Description of the task:
When a record contains an image, skip the image and retype the rest of that record exactly.

Records shown:

--------------------------------------------------

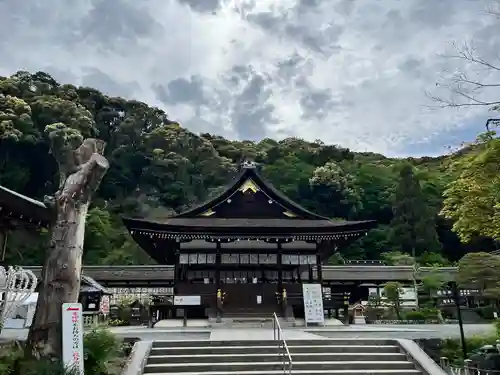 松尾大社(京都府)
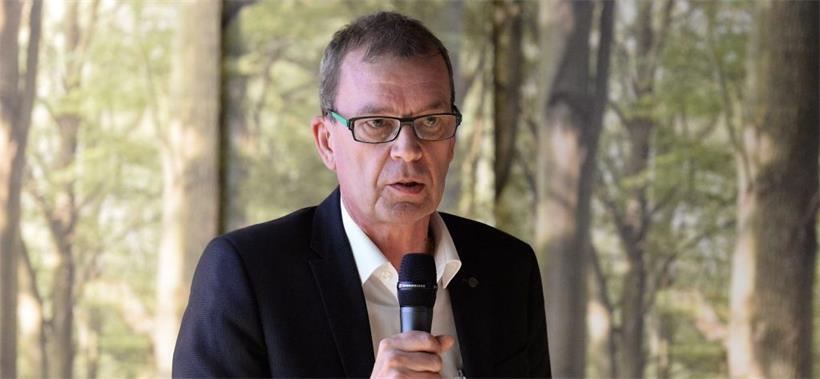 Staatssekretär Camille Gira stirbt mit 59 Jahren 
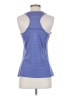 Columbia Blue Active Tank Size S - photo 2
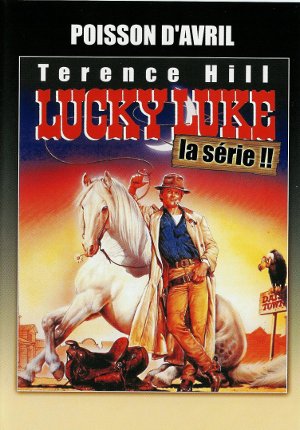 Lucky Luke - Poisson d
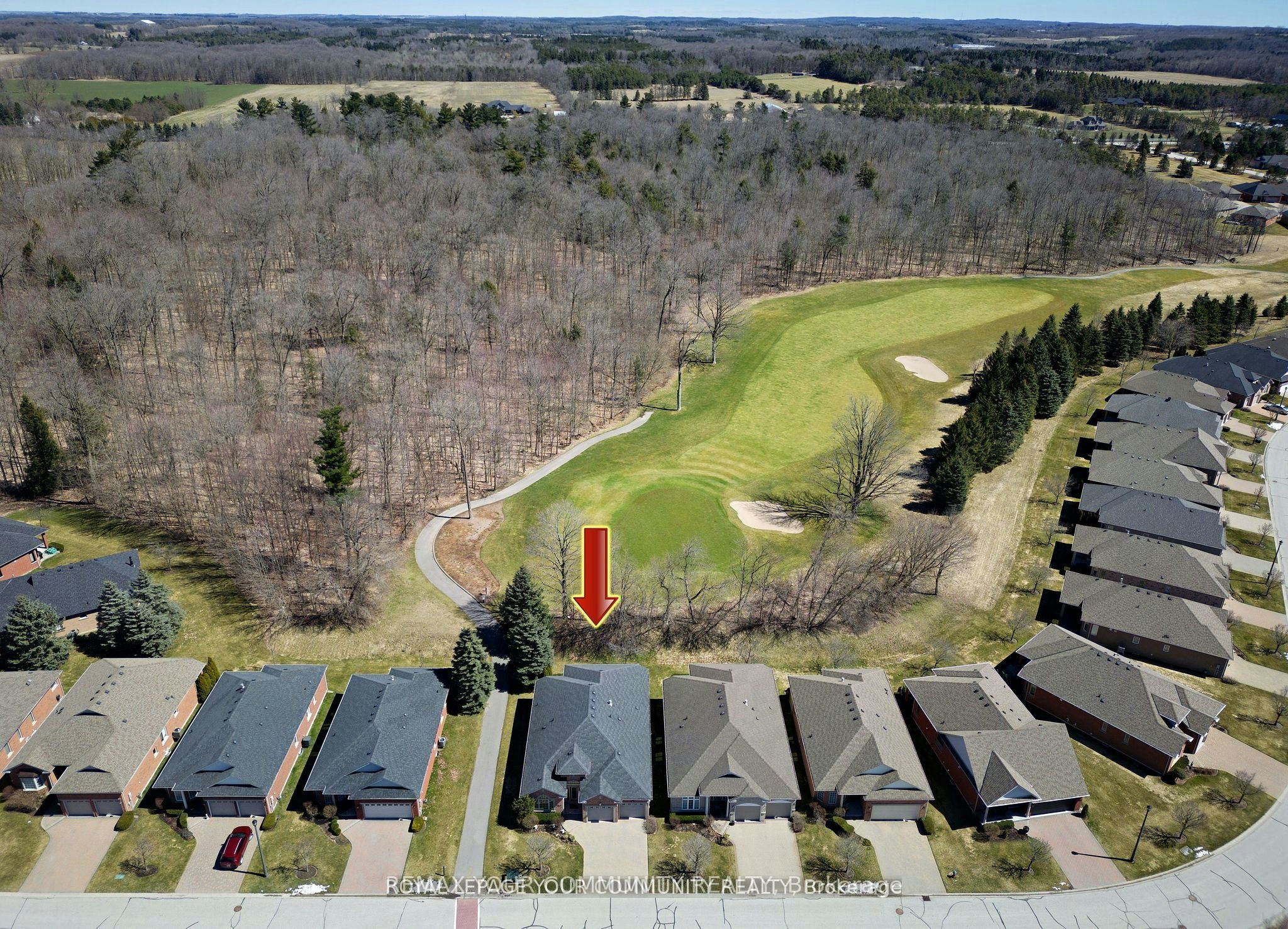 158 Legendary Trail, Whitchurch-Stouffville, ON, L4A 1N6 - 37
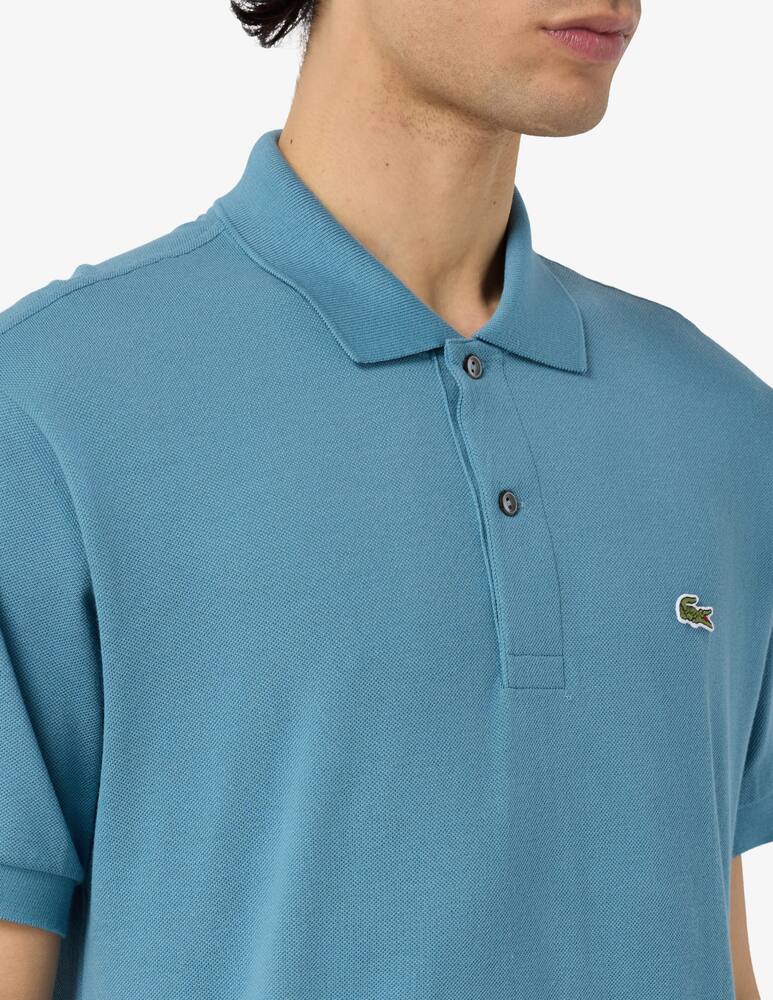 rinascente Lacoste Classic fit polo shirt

--------------------------------------------------

Answer to the exercise:
 松尾大社(京都府)
 Staatssekretär Camille Gira stirbt mit 59 Jahren 
 Columbia Blue Active Tank Size S - photo 2
 Lucky Luke - Poisson d
 158 Legendary Trail, Whitchurch-Stouffville, ON, L4A 1N6 - 37
 rinascente Lacoste Classic fit polo shirt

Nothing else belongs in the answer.